Mercedes' Andrew Shovlin has conceded that taking a McLaren-esque leap to catch Red Bull in would be a "stretch".
The sizeable upgrades McLaren started to introduce in Austria transformed its season and brought the team into contention for podiums, while the big Mercedes upgrade in Monaco was downplayed as simply getting the team onto the right development path and not a package to reel in Red Bull.
Fellow Mercedes power unit customer Aston Martin has also taken giant leaps forward in 2023, but despite this, Shovlin feels Mercedes taking such a chunk of time out of Red Bull is a not realistic.
Viewed by others:
"The step McLaren made was pretty impressive, and you can see that they've changed a fair bit on their car," Trackside Engineering Director Shovlin told media including RacingNews365.
"For us, we need to close that gap to Red Bull and we are still developing the car.
"Whether or not we could the find half-a-second that they look to have found, I don't know.

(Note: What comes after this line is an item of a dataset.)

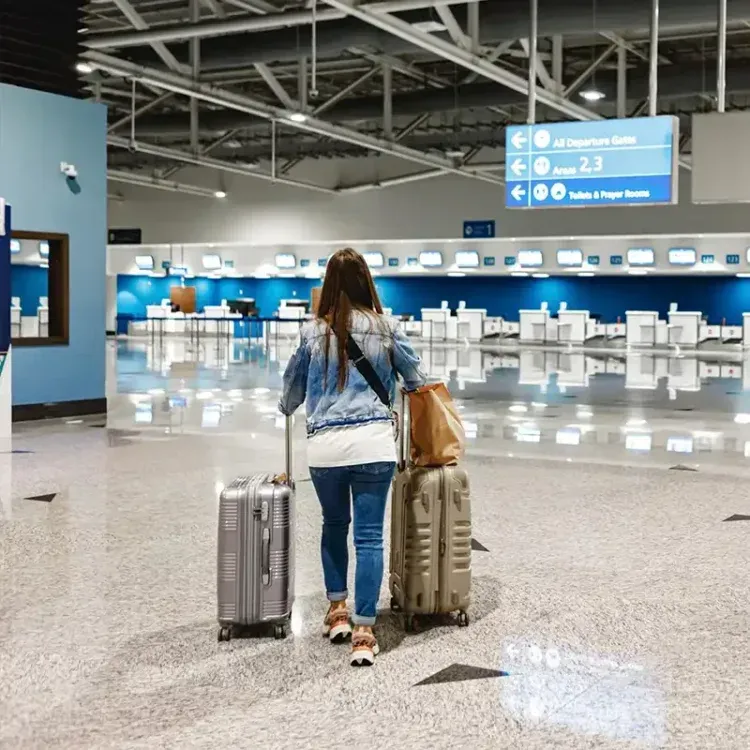 Woman walking through an airport terminal, pulling two suitcases. The terminal has blue accents and departure signs.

That'd be a stretch."
The Monaco upgrades ditched the zero sidepod concept that the team had stuck to, with the new car delivering podiums for Lewis Hamilton in Spain, Canada and Britain, with Shovlin detailing how the W14 has been improved.

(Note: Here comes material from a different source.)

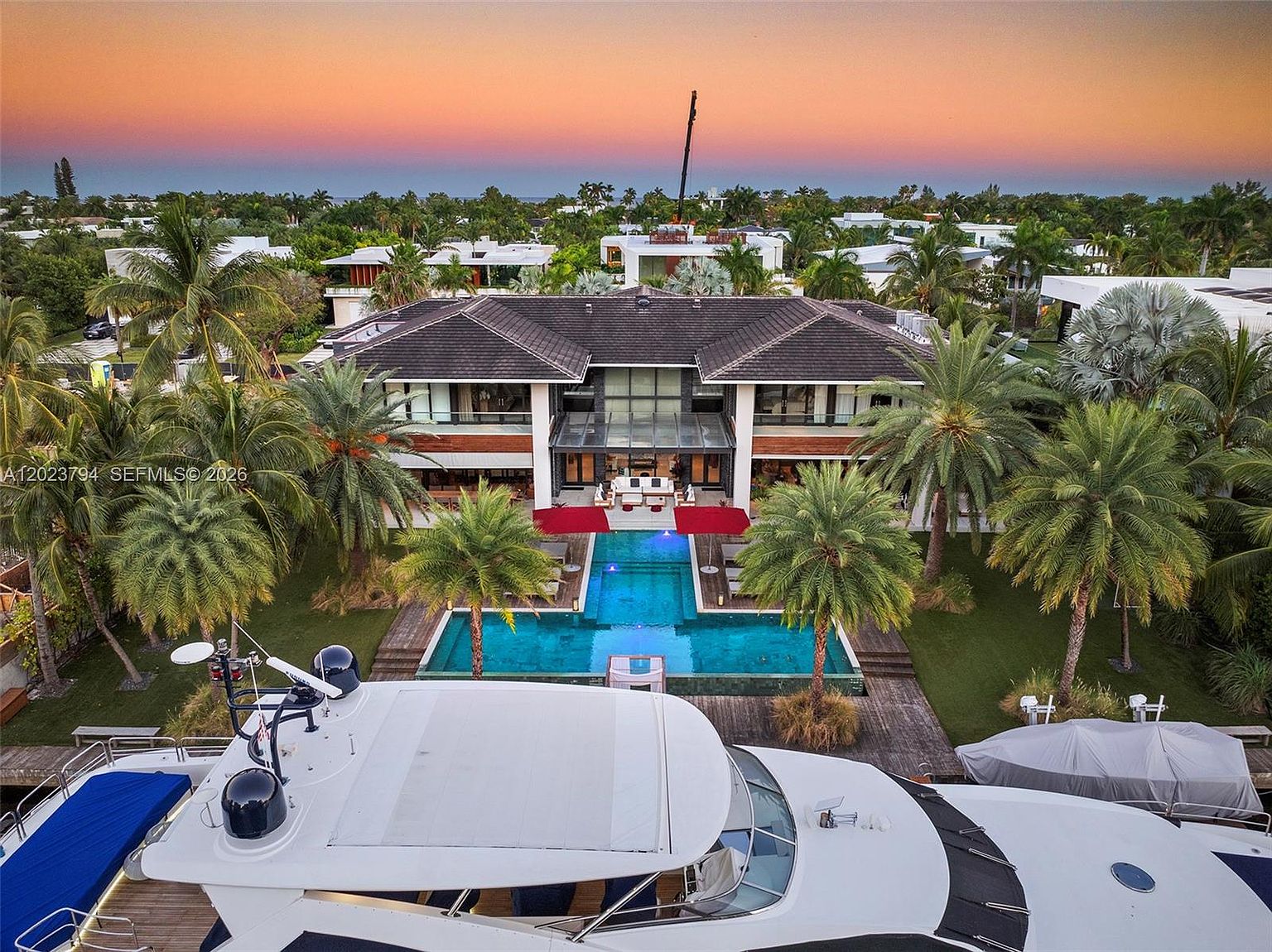 This high-angle aerial shot captures a luxurious waterfront estate at sunset, featuring a modern two-story residence with a symmetrical design and a central glass-enclosed staircase. A long, rectangular swimming pool with red umbrellas extends from the rear patio toward the water, flanked by lush palm trees and manicured landscaping. The foreground includes the top deck of a large yacht, emphasizing the property's prime location for boating and leisure.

"The front of the car is a bit more coherent, a bit stronger so we are having to work to balance that, but it does look to have gone in the right direction," he said.

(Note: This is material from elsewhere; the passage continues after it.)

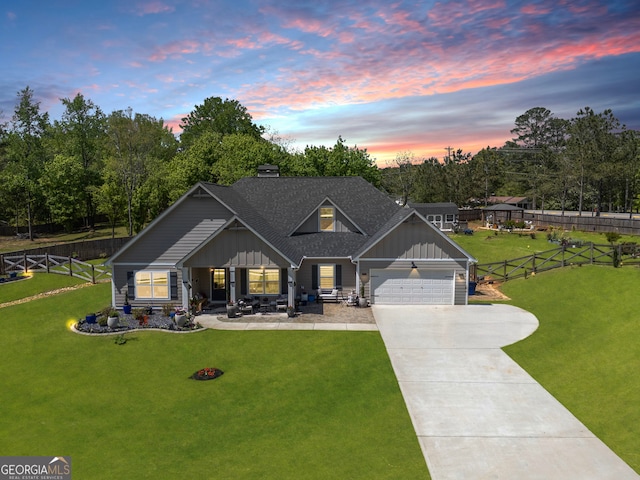 craftsman-style home featuring a chimney, driveway, board and batten siding, fence, and a yard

"Our correlation over the last year has been strong in that we make bits and we race them, we're not putting kits on and off trying to decide whether we've done the right thing.
"However, look at where Aston Martin were at the start of the year and then where they've been in some of the recent races. That's only because other people are developing very quickly.
"It's difficult to gauge the progress when you just look at how the teams stack up. But the fact is, you can see those moves where people do bring updates.
"We just need to work to try and improve the development rate but the focus for us is making sure we can challenge Red Bull or whoever it is at the front next year.
"So it's a case of balancing that bigger goal with what we can do on this car and also learning with this car because if you don't change the car, you don't learn a lot.
"A lot of the development is about learning for the future."